Trade visitors to this year’s Musikmesse in Frankfurt (5 to 8 April) will be able to take advantage of the show’s Business Academy free of charge and without the need for prior registration.
More than 20 lectures will be available over all four days of the show in Hall 11.1 and there will be a simultaneous translation service in both German and English. The subjects covered will range from the exotic (France’s Nelly Ben Hayoun, ‘Designer of Experience’ at the SETI Institute (Search for Extra-terrestrial Intelligence), will discuss the importance of visions and fundamentally new ways of thinking) to the extremely current, such as the lecture by lawyer Martin Bolm, who will outline the legal facts and challenges posed by CITES. Similarly, Matthias Dubbert, Head of the European Policy Department, Association of German Chambers of Commerce and Industry (DIHK) in Brussels, will consider the consequences, chances and risks of Brexit for the German (music) business.
‘In an age of changing customer behaviour and new legal and political circumstances, we want to give participants the opportunity to get ahead in terms of knowledge. We are delighted that, together with our partners, we are able to offer an attractive programme of lectures, panel discussions and workshops’, says Michael Biwer, Group Show Director of the Entertainment, Media & Creative Industries Business Unit of Messe Frankfurt Exhibition GmbH.

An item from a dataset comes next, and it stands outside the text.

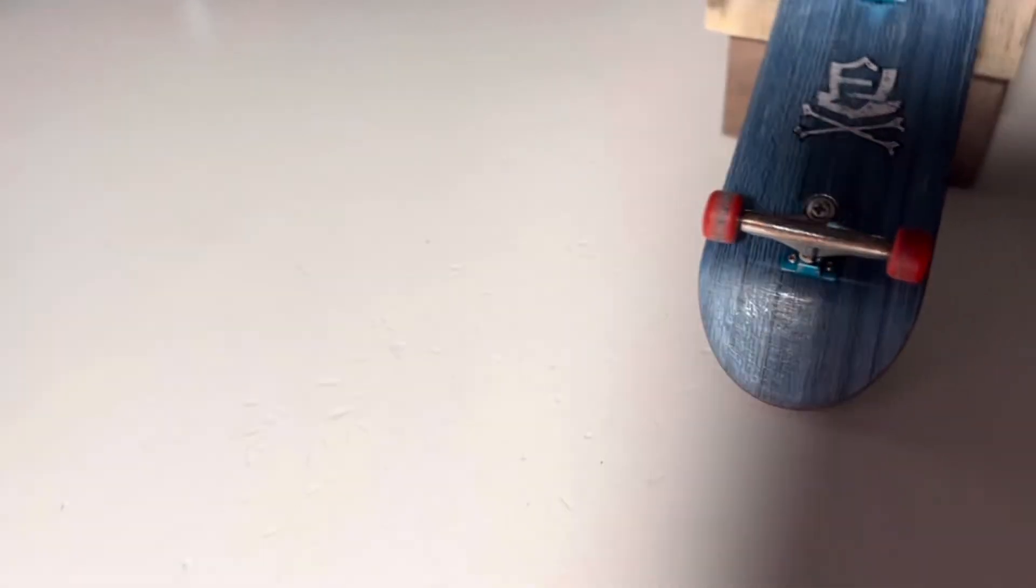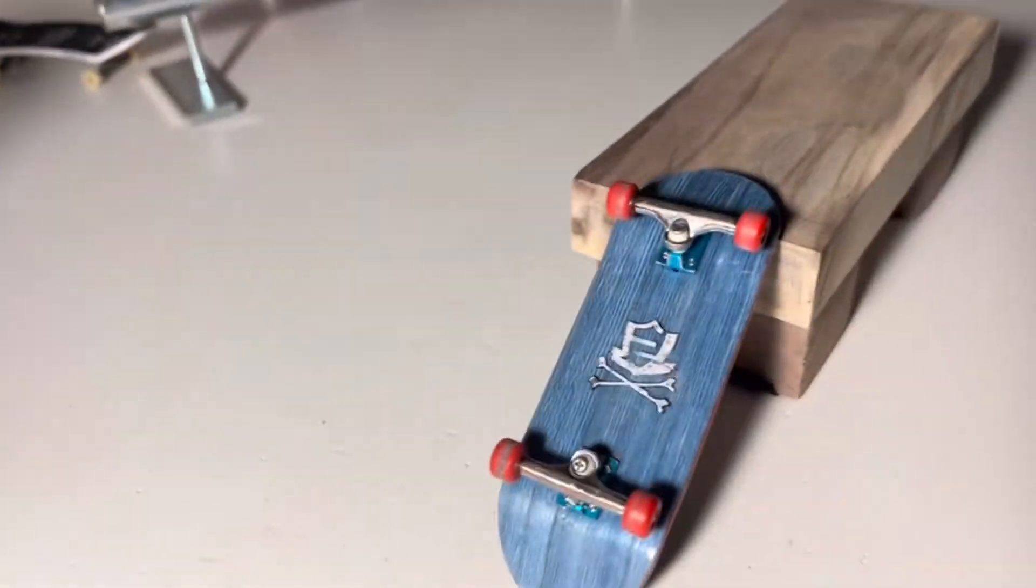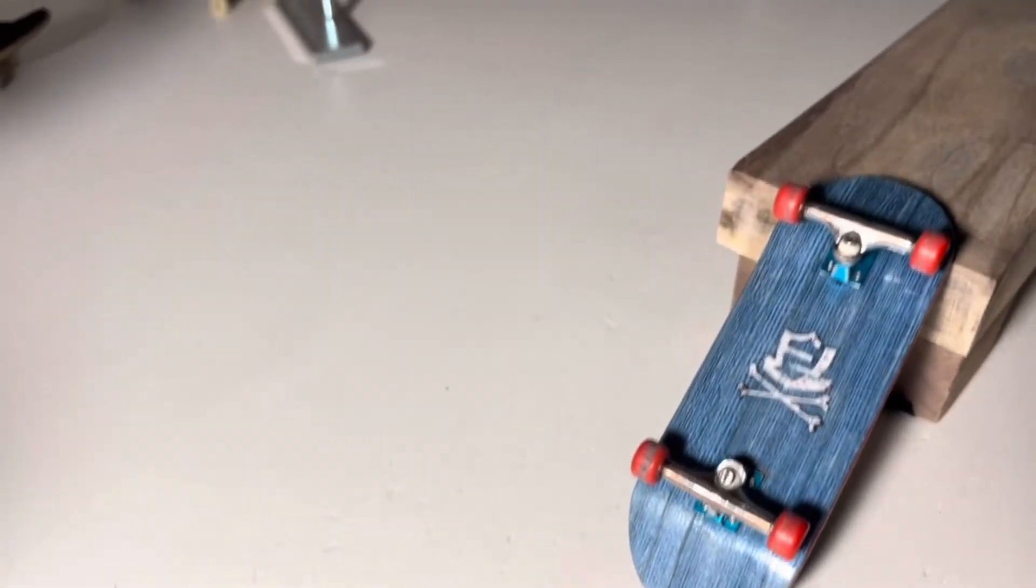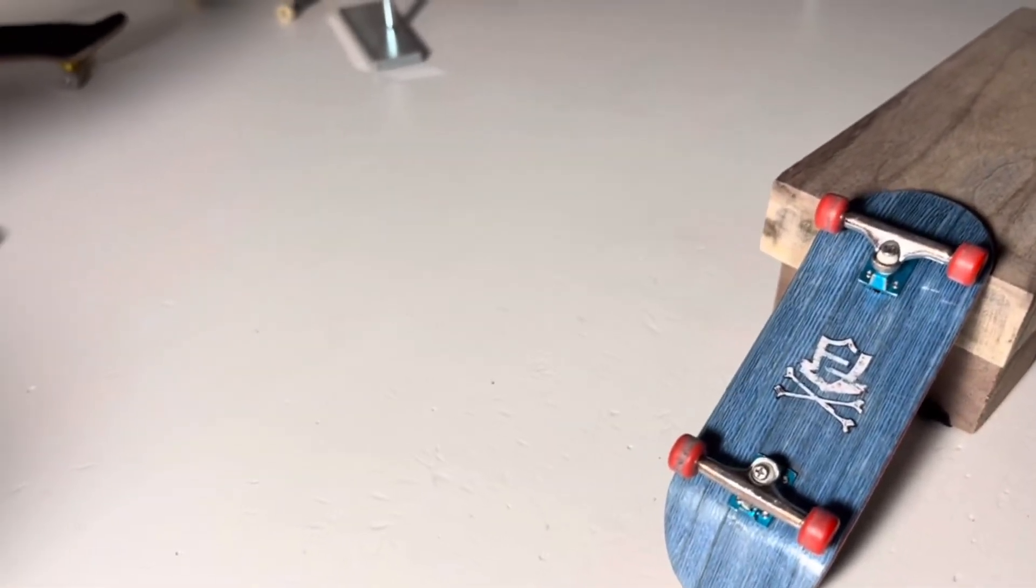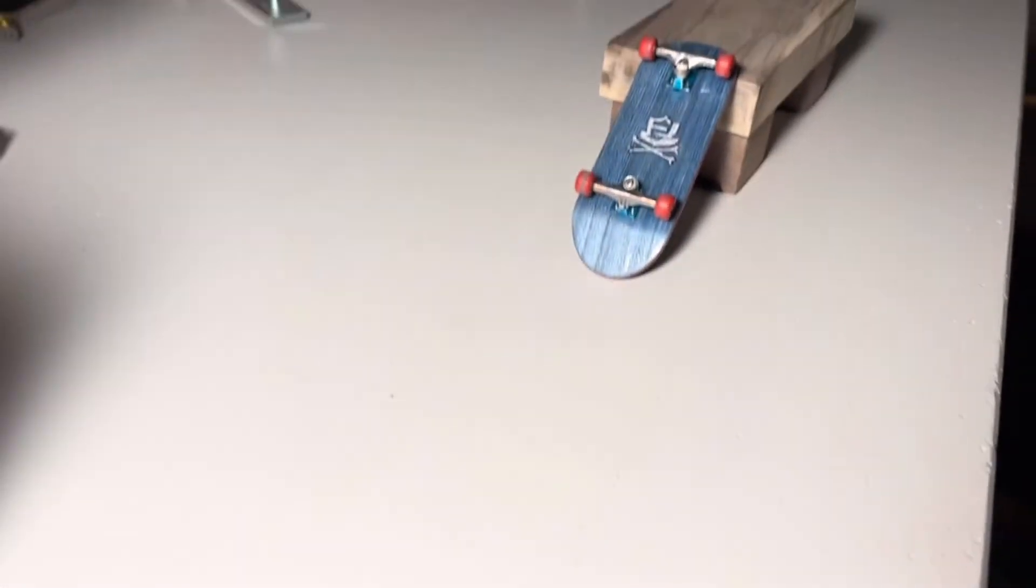Once we hit 5,000 subscribers, I'll be giving away one of those Cruiser Tech decks. I'll go out to the store and buy another one and then give it away for you guys for 5k, because that's quite a milestone.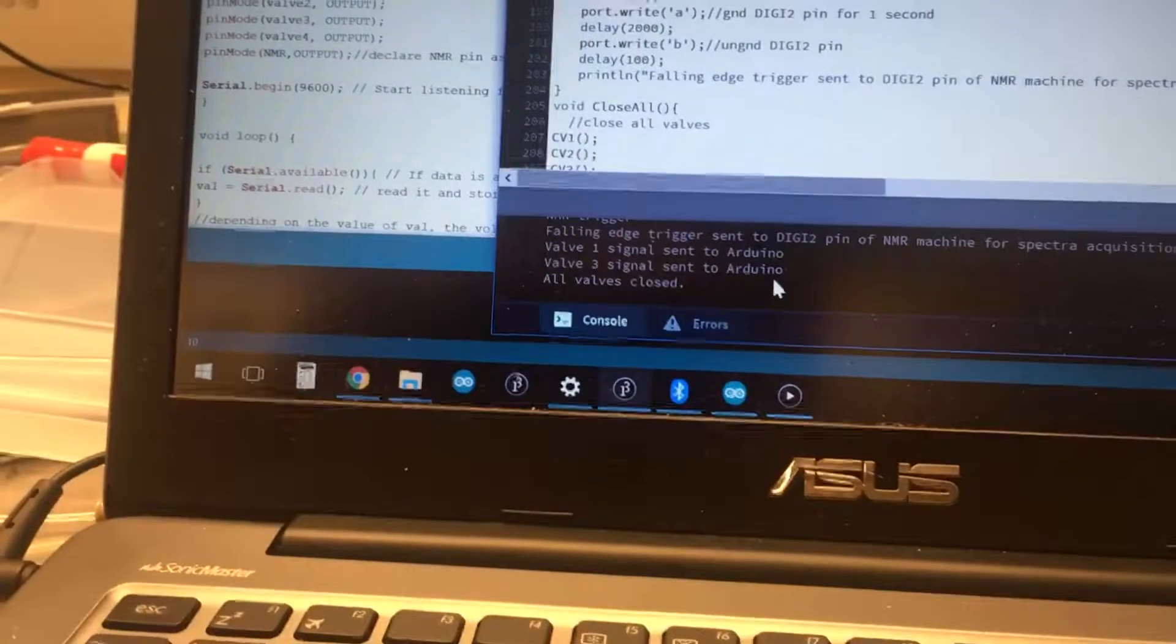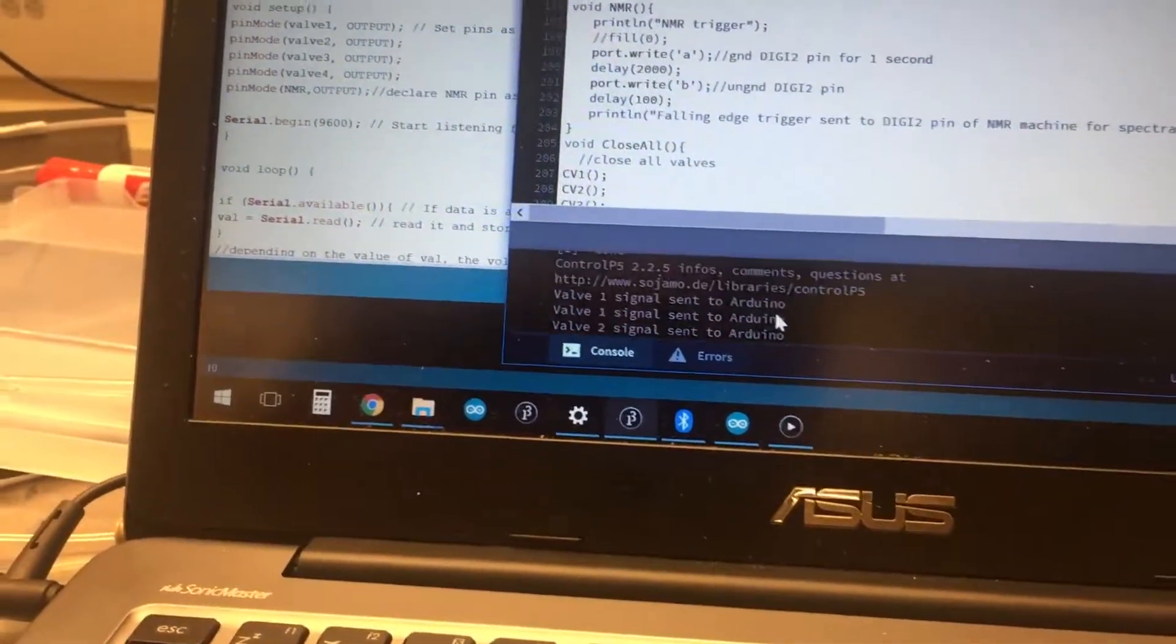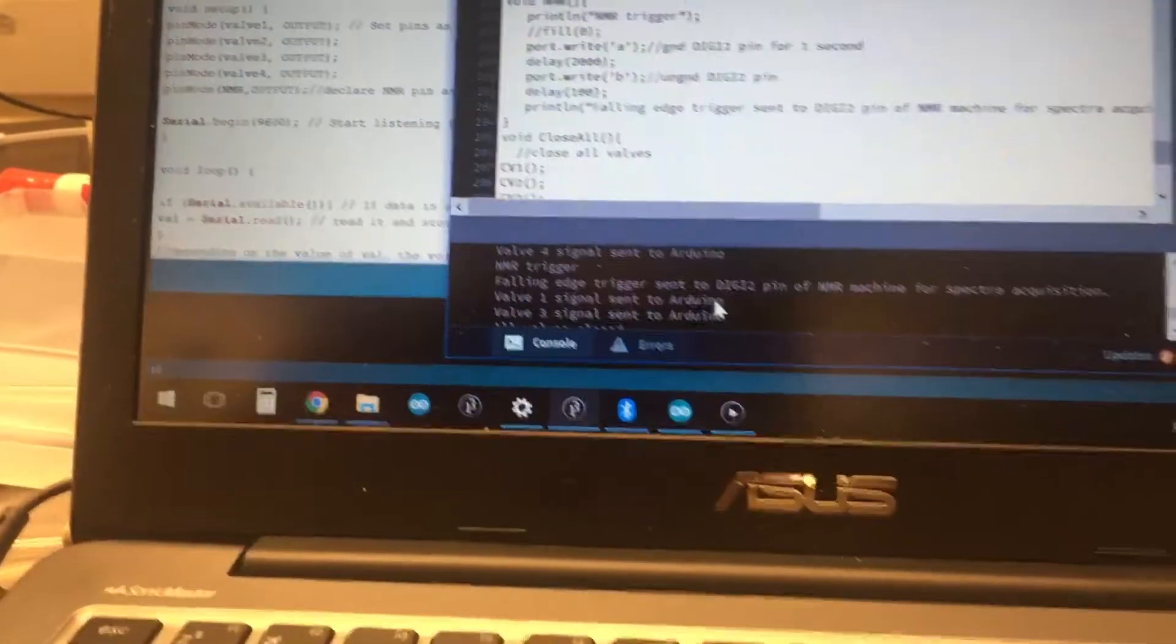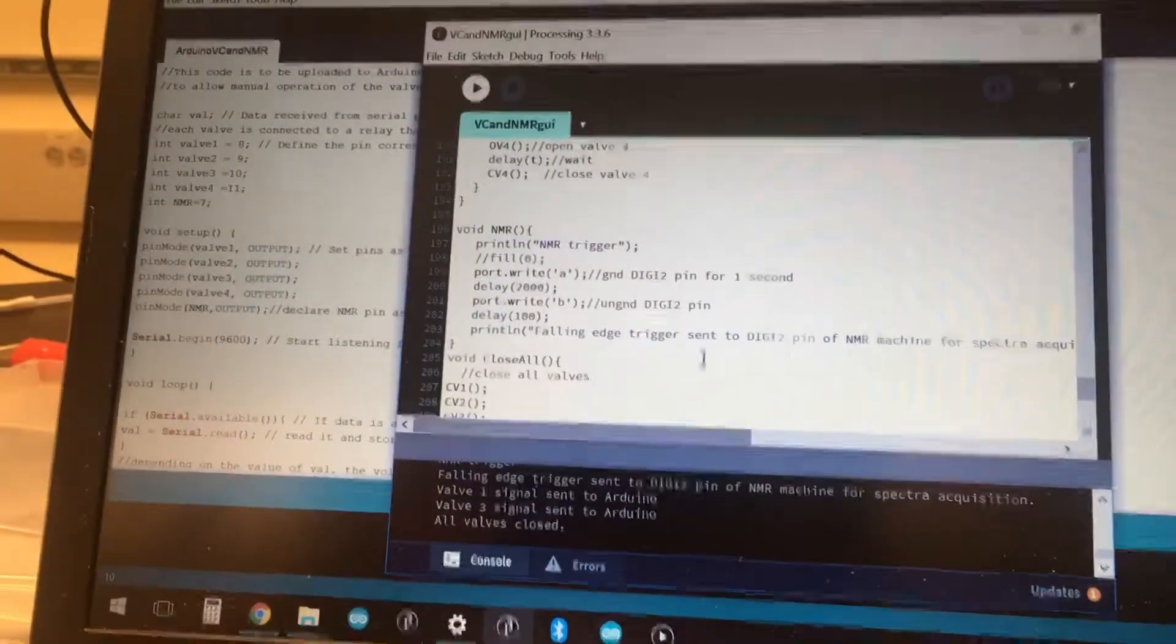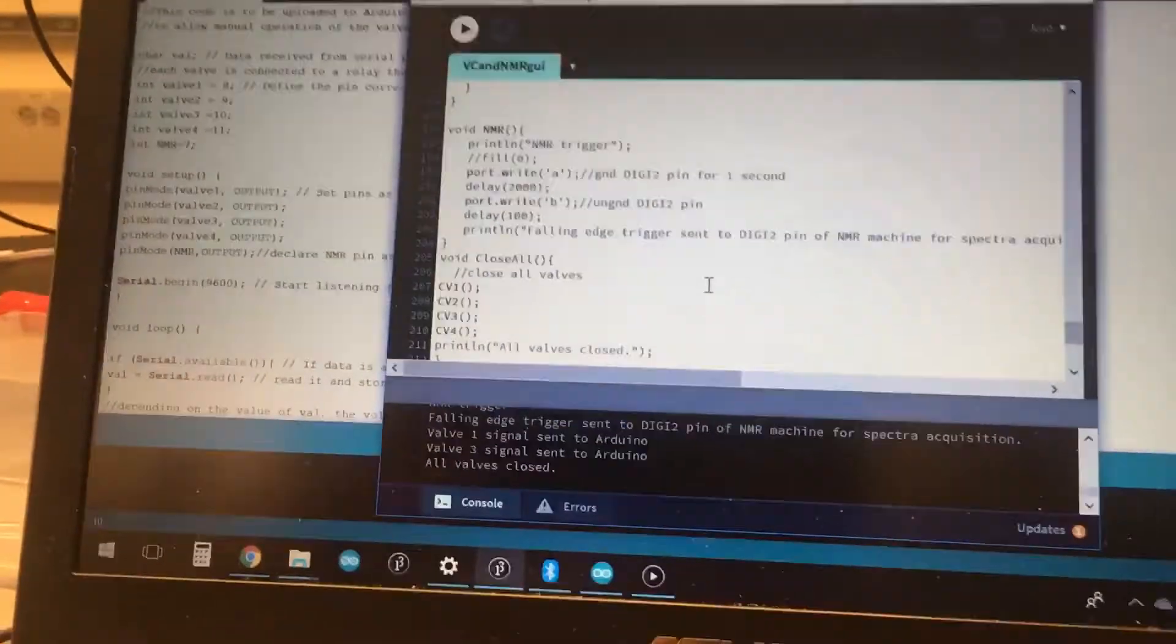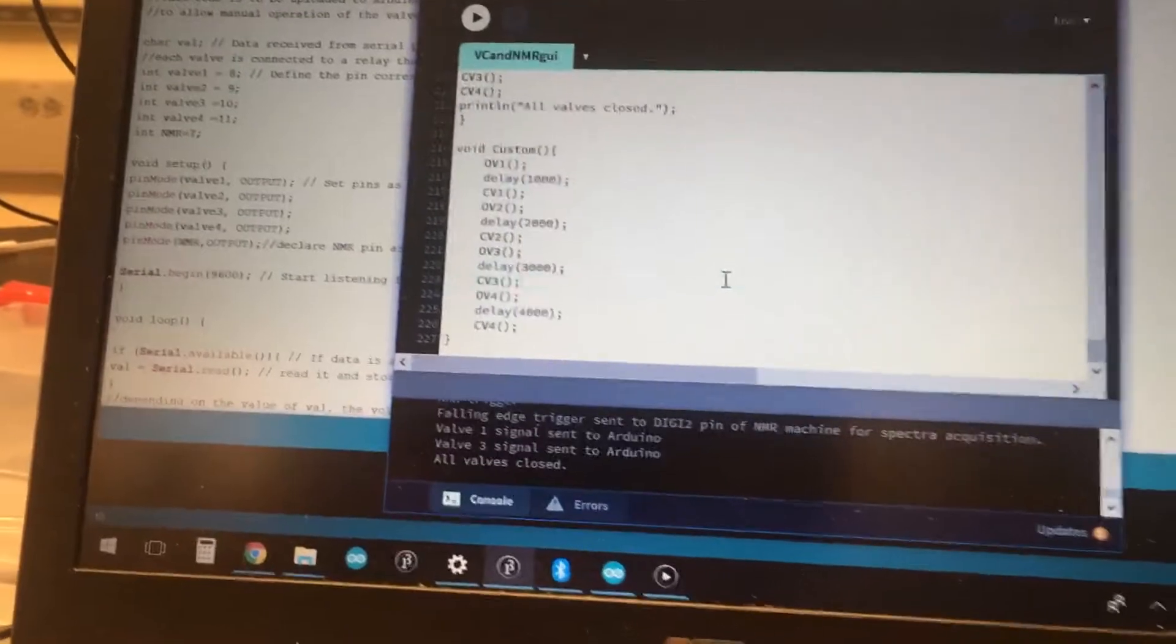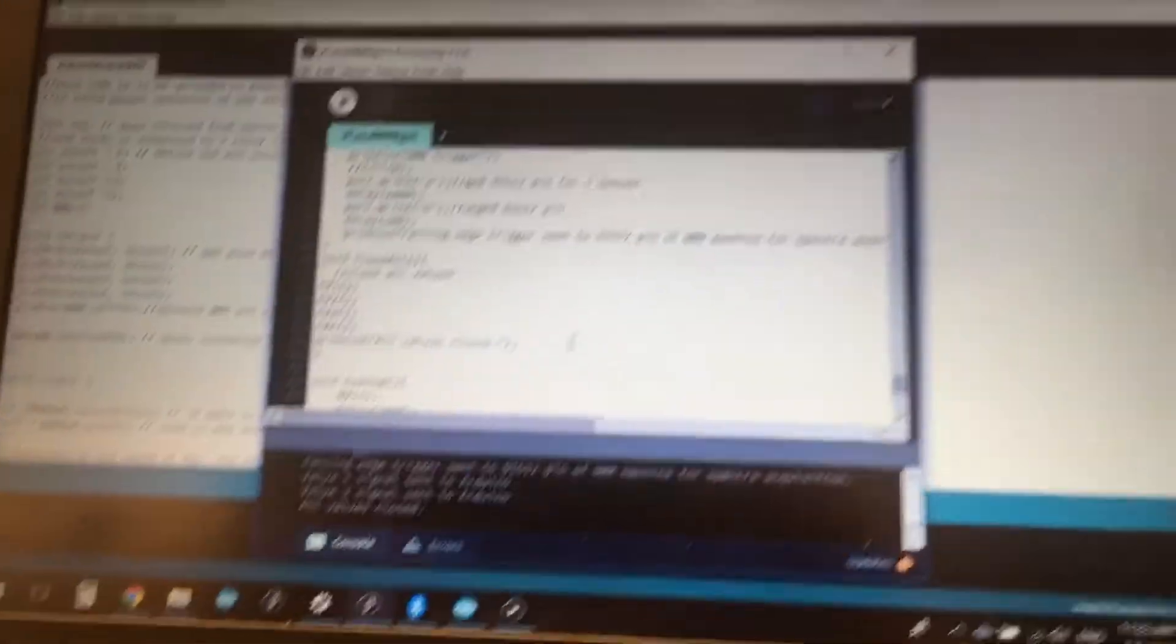And then also, there is a log, so we can see what's happened every time something is sent from processing to Arduino, which is a nice way of tracking like an experiment's history or something like that. So I hope you guys find this stuff cool, and thanks for watching.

‘Against the background of a process of structural change, the focus of the lectures will be on practical relevance and the subjects relating to communication, sales, law, compliance and marketing oriented towards the needs of the musical-instrument sector’, adds Daniel Sebastian Knöll, Chief Executive of Society of Music Merchants (SOMM), which is organising the programme in cooperation with Messe Frankfurt.